**DATA BLOCK**
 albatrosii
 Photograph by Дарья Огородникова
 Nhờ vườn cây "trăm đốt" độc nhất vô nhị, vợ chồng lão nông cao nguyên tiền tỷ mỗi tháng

**WORK INSTRUCTION**
Without omitting anything, output the data verbatim.

**FINISHED EXERCISE**
 albatrosii
 Photograph by Дарья Огородникова
 Nhờ vườn cây "trăm đốt" độc nhất vô nhị, vợ chồng lão nông cao nguyên tiền tỷ mỗi tháng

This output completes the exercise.